Genetic & Age Factor

A family history of hemorrhoids puts one at a higher risk of whether family members suffer from hemorrhoids in order to identify a genetic tendency. The risk of hemorrhoids increases with age as children and young adults do experience hemorrhoids, they are most common in adults 45-65 years old.

As a Symptom Of Other Conditions or Disease

Rectal bleeding or blood in the stool is never normal and, it can be relatively due to hemorrhoids, but can also be the result of more serious causes that can be life-threatening such as bleeding from ulcers, diverticulitis, inflammatory bowel disease, and tumors.

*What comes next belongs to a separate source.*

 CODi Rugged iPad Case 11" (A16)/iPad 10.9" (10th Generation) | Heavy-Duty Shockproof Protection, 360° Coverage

  1. Trauma and age factor: In the case of aging, the tissues present across the lining area of the anal region get less supportive and affect the hemorrhoid veins.
  2. Pregnancy: Increased intra-abdominal pressure due to the weight of carrying a baby put increased pressure on the pelvic area.
  3. Varicose veins or the swollen veins around the anus and lower rectum lead to the formation of piles.
  4. Obesity: Bodyweight with high BMI or obesity contributes to the risk of hemorrhoids as heavier weight causes additional strain on the body and contributes to a more sedentary lifestyle.
  5. Inflammatory bowel diseases: Crohn’s disease and ulcerative colitis are inflammatory bowel diseases that can affect any part of the intestine and may result in symptoms like digestive discomfort
  6. Add on pathology: Secondary pathologies may lead to hemorrhoids like liver cirrhosis, portal hypertension, spinal cord injuries.

A well-said phrase, “An ounce of prevention is worth a pound of cure,” marks the importance of having proactive lifestyle choices to prevent occurring and reoccurring of piles as they are one such lifestyle-related disease that can be effectively treated with over-the-counter medications, good fluid intake and by following a diet rich in fiber. 

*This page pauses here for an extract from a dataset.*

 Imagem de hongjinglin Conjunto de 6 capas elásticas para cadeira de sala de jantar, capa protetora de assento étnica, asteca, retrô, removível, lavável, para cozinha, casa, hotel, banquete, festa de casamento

The best ways to treat Internal & external hemorrhoids are through conservative measures like adopting lifestyle changes along with ayurvedic medications. Certain preventive measures to prevent piles are;

  1. A sitz bath provides relief by soaking the rectal area in warm water for 15 minutes three or four times per day.
  2. No phone in the bathroom as this habit is blamed for increasing the time on the toilet and leading to increased pressure on the anal region and straining during defecation.
  3. Limit the time spent sitting on the toilet to reduce pressure on the rectal area.
  4. More fiber-containing diet as fiber helps to draw water into the lumen of the colon, thus increasing the water content in the stool making it softer to evacuate easily.
  5. Maintain hygiene by cleaning the peri-anal area after passing stools preferably with water and then wiping out it with toilet paper.